DATA EXCERPT —
•••••

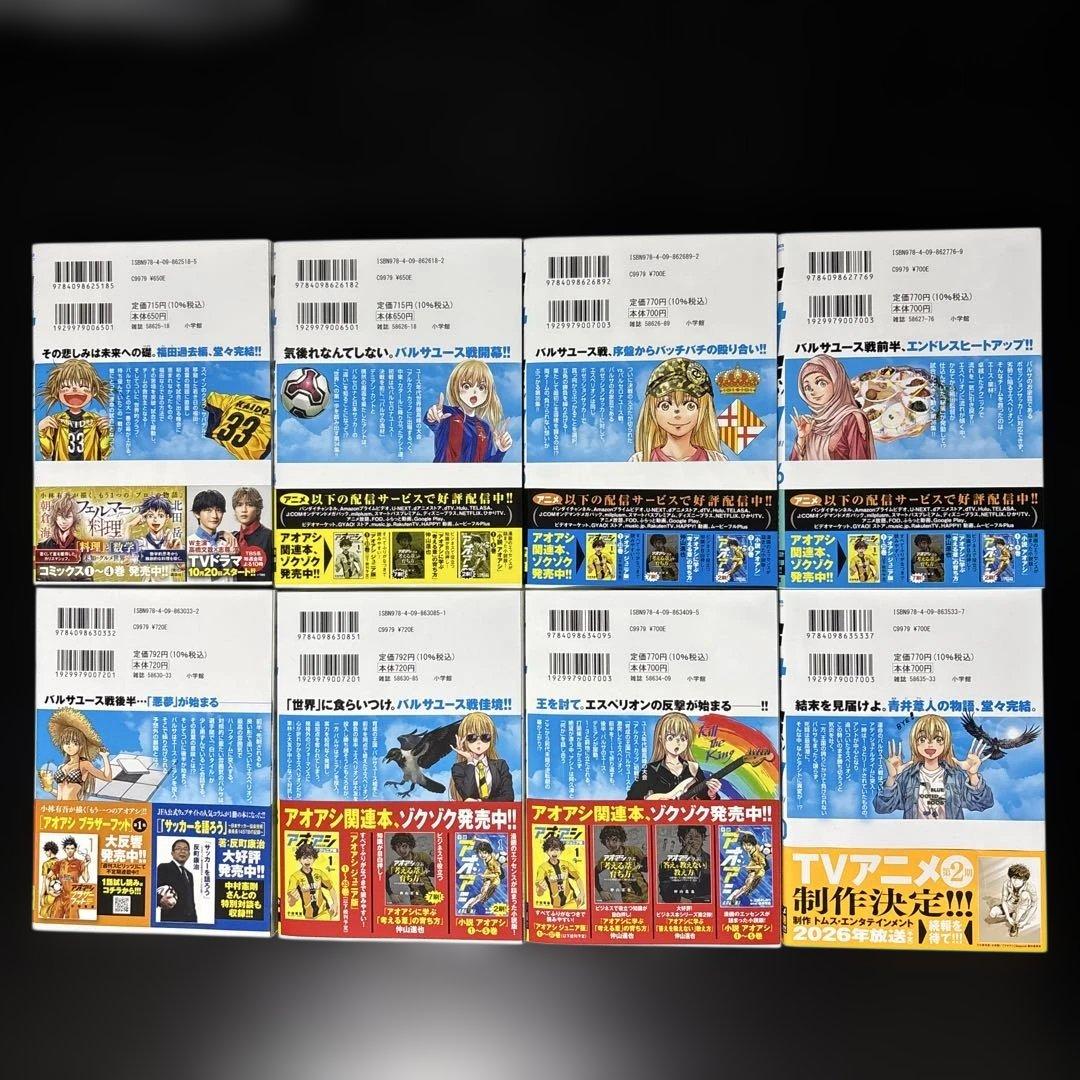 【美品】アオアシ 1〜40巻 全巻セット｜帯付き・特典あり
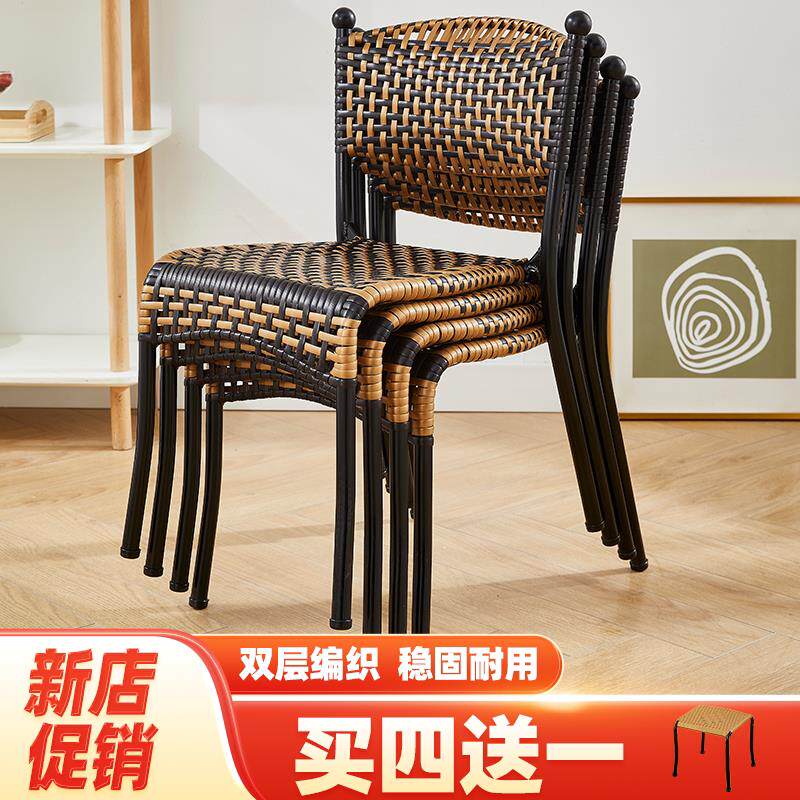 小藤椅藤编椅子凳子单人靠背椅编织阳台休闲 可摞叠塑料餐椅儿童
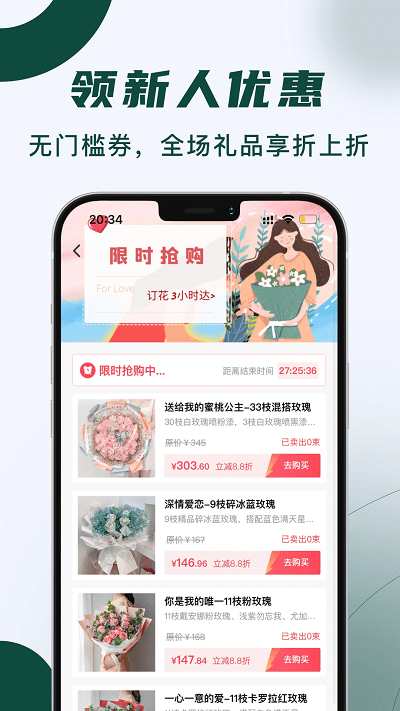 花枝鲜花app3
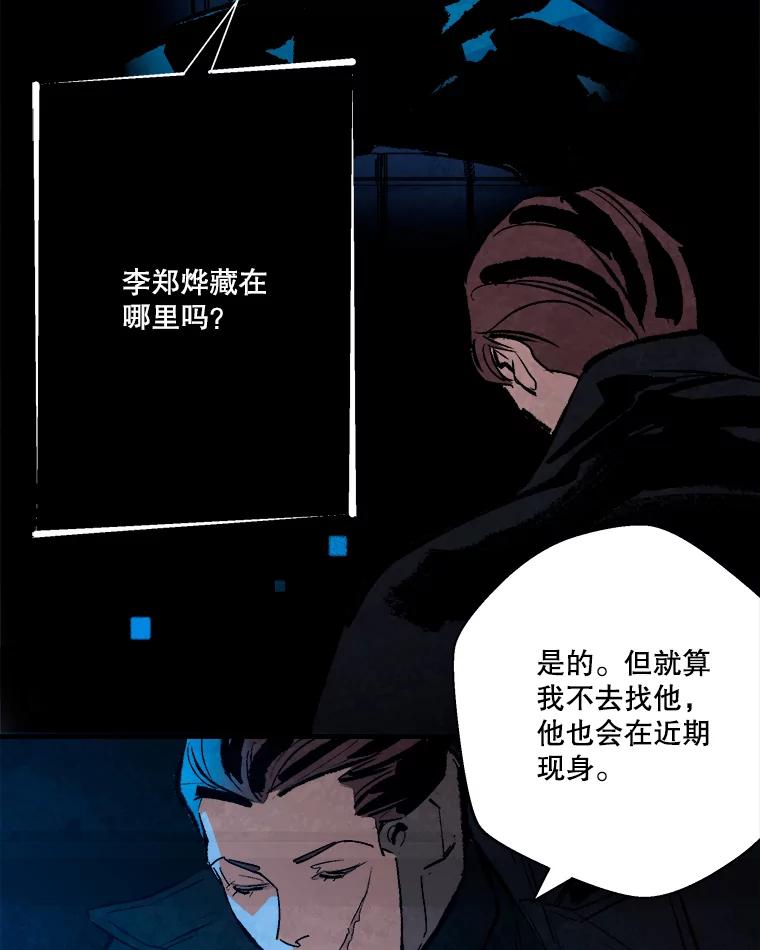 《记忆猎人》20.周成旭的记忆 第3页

•••••

WHAT THE TASK REQUIRES — Write out, word for word, the line containing "小藤椅藤编椅子凳子单人靠背椅编织阳台休闲 可摞叠塑料餐椅儿童" and each line after it to the end of the data, and nothing more. Drop the pictures.

YOUR SOLUTION —
 小藤椅藤编椅子凳子单人靠背椅编织阳台休闲 可摞叠塑料餐椅儿童
 花枝鲜花app3
 《记忆猎人》20.周成旭的记忆 第3页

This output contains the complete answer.